Eugenio riconobbe Enrico, il figlio di un carabiniere suo amico, che, quando lo vide, subito si
avvicinò per salutarlo. Si fermarono così allo stesso tavolo. Enrico gli raccontò che frequentava il
terzo anno e tra qualche mese avrebbe avuto l’esame di stato; il suo amico Andrea invece era al
secondo. Eugenio si dimostrava molto interessato e ascoltava con partecipazione quanto
raccontavano i due giovani: come funzionava la scuola, le materie che dovevano studiare, le
difficoltà per lo studio difficile da riprendere dopo anni, il poco tempo a disposizione per studiare
ed esercitarsi, il rapporto con i professori.
“E il coordinatore o direttore che cosa fa?” Eugenio guardava Andrea. “Ah! Quello! Comanda a
più non posso e controlla tutto quello che gli interessa. Bisogna essergli amici. Lui coordina tutta
l’attività dei corsi: calendario, orari, attività, lavoro degli insegnanti, le nostre presenze. Noi siamo
fortunati, non l’abbiamo come insegnante.” “E con le studentesse? Siete maggiorenni, ma…” “Ma,
Eugenio,” era Enrico ad intervenire, “il coordinatore ha sempre avuto la fama di provarci. Da
quello che sappiamo non deve avere mai combinato niente con le studentesse.” “Ma no, Enrico!

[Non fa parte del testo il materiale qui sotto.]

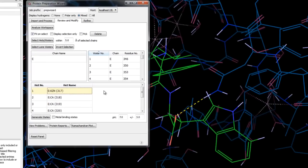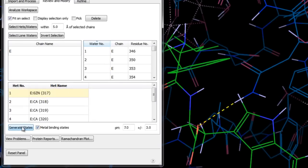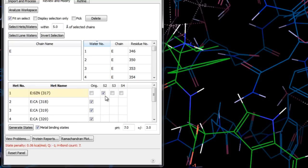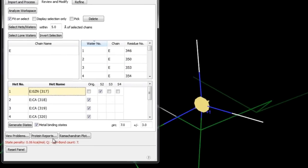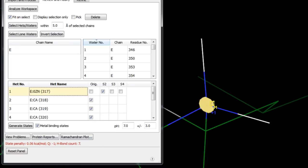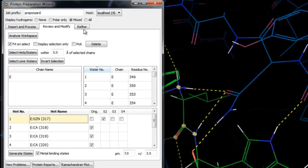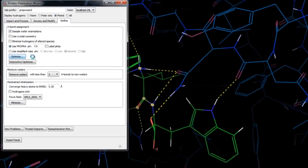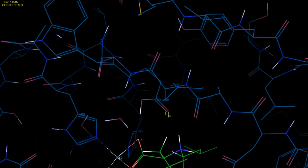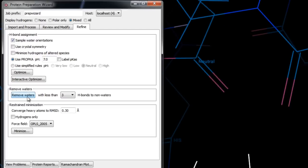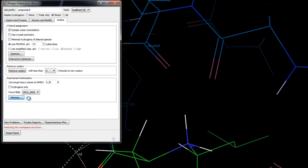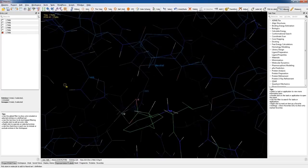We generate states with EPIK this time turning on Metal Binding State, which increases the pH range to generate additional states appropriate for binding to metalloproteins. The best state suggested is state 2, in which the amine is protonated to a charge of +1 — it has the lowest state penalty and makes the most hydrogen bonds to the receptor. In the Refine tab we use default settings to optimize the hydrogen bonding network; a glutamate is now protonated resulting in an additional hydrogen bond with the ligand. We remove non-structural waters, then click Minimize for a restrained minimization to remove atom clashes. The protein is fully prepared and ready for modeling.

Guarda che passa la soluzione dei compiti a qualcuna! Una fa la poverina che non capisce la
matematica, piange, va da lui a chiedere aiuto e lui ci pensa. Può esserci altro tra loro? No! alla
fine lui resta con un pugno di mosche; la poverina, anche bellina, ha già il suo maschio. Viene a
prenderla tutte le sere.”
Andrea aveva appena dato ad Eugenio la soluzione delle sue indagini.